Treatment costs for one recent case, a Peruvian student studying in Florida, came to $500,000.

Washington State has had as many as five cases a year of multi-drug-resistant TB since 2008 and the treatment cost has drained the state TB program's resources.

These resistant strains are acquired in developing countries where current health systems are poorly organized and treatment can be inconsistent. We are one world. Poor disease control in Africa or Asia costs U.S. taxpayers.

The best way to meet the threat that resistant TB strains pose to global health is by supporting the efforts of the Global Plan to Stop TB and the World Health Organization's (WHO) Drug-Resistant TB Response Plan. These programs seek to strengthen the ability to diagnose and treat TB in developing countries with high rates of the disease. The organizations provide resources at the village level. A new, easy to learn and use, diagnostic test makes this possible even in resource-poor areas.

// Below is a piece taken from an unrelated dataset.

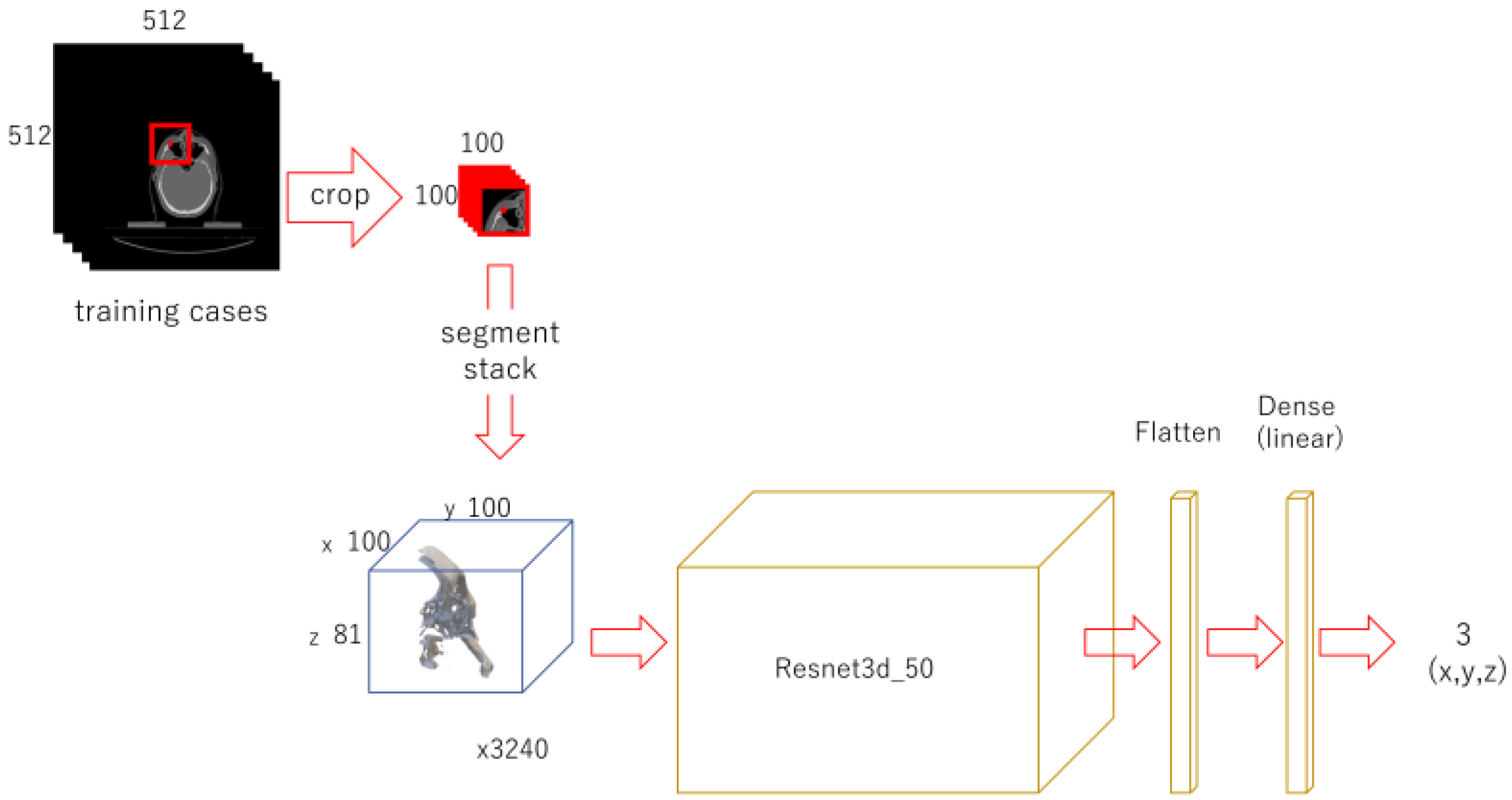 Preprints 70664 g003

In 2008, Congress passed the Lantos-Hyde Act that authorized $4 billion over five years in TB funding to developing countries, which was needed to fully implement WHO control programs. Congress must vote each year, but so far only $800,000 has been delivered. Recent House budget votes would decrease the proposed 2012 allocation by 40 percent. We are burying our heads even deeper in the sand!

Global TB control is in our own interests. We have good plans to repair the effort's foundation but we need the materials. Ask your member of Congress to fully authorize the 2008 promise that can create a world where TB is a disease of the past. U.S. action can turn the look of fear and fatigue that I saw in the eyes of this Liberian child into smiles of joy.

Elinor A. Graham is a retired pediatrician in Seattle and Associate Professor Emeritus of Pediatrics at the University of Washington. She works as a volunteer in Liberia with Health Education and Relief Through Teaching (www.heartt.net) and with RESULTS (www.results.org.)